Project to optimise Web crawling

The Electronic Library

ISSN: 0264-0473

Article publication date: 1 August 2004

Citation

(2004), "Project to optimise Web crawling", The Electronic Library, Vol. 22 No. 4. https://doi.org/10.1108/el.2004.26322dab.005

Publisher

:

Emerald Group Publishing Limited

Copyright © 2004, Emerald Group Publishing Limited


Project to optimise Web crawling

The Computer Science Department of Old Dominion University and the Research Library of the Los Alamos National Laboratory have announced the launch of the “mod_oai” project. The aim of the project is to create the mod_oai Apache software module that will expose content accessible from Apache Web servers via the Open Archives Initiative Protocol for Metadata Harvesting (OAI-PMH). The mod_oai project (www.modoai.org) is funded by the Andrew W. Mellon Foundation.

Apache is an open-source Web server that is used by 63 per cent – approximately 27 million – of the Web sites in the world. The OAI-PMH is a protocol to selectively harvest from data repositories. The protocol has had a considerable impact in the field of digital libraries but it has yet to be embraced by the general Web community. The mod_oai project hopes to achieve such broader acceptance by making the power and efficiency of the OAI-PMH available to Web servers and Web crawlers. For example, the planned OAI-PMH interface to Apache Web servers should allow responding to requests to collect all files added or changed since a specified date, or all files that are of a specified MIME-type.

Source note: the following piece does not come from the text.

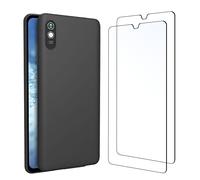 NEW'C Coque pour Xiaomi Redmi 9A Silicone Ultra Fine Noir et 2 × Verre trempé Film Protection écran pour Xiaomi Redmi 9A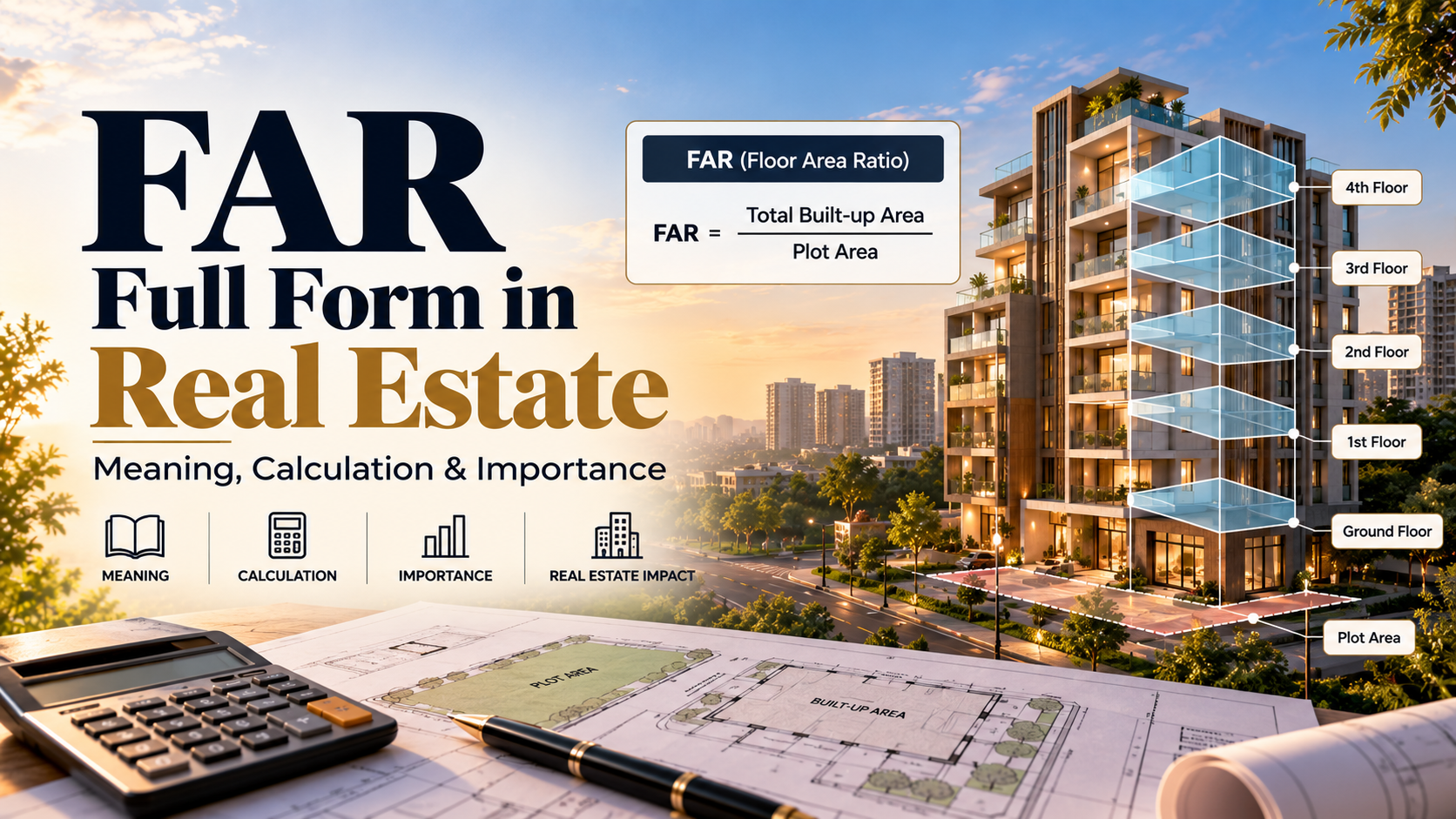 FAR full form in real estate showing floor area ratio calculation for a building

The Apache Web server defines an extensible module format that allows specific functionality to be incorporated directly into the Web server. The mod_oai project will build such an Apache module that is able to respond to OAI-PMH requests pertaining to files made accessible by the Apache server. The mod_oai module will be developed under the GNU Public License (GPL) and distributed through sourceforge.net upon completion.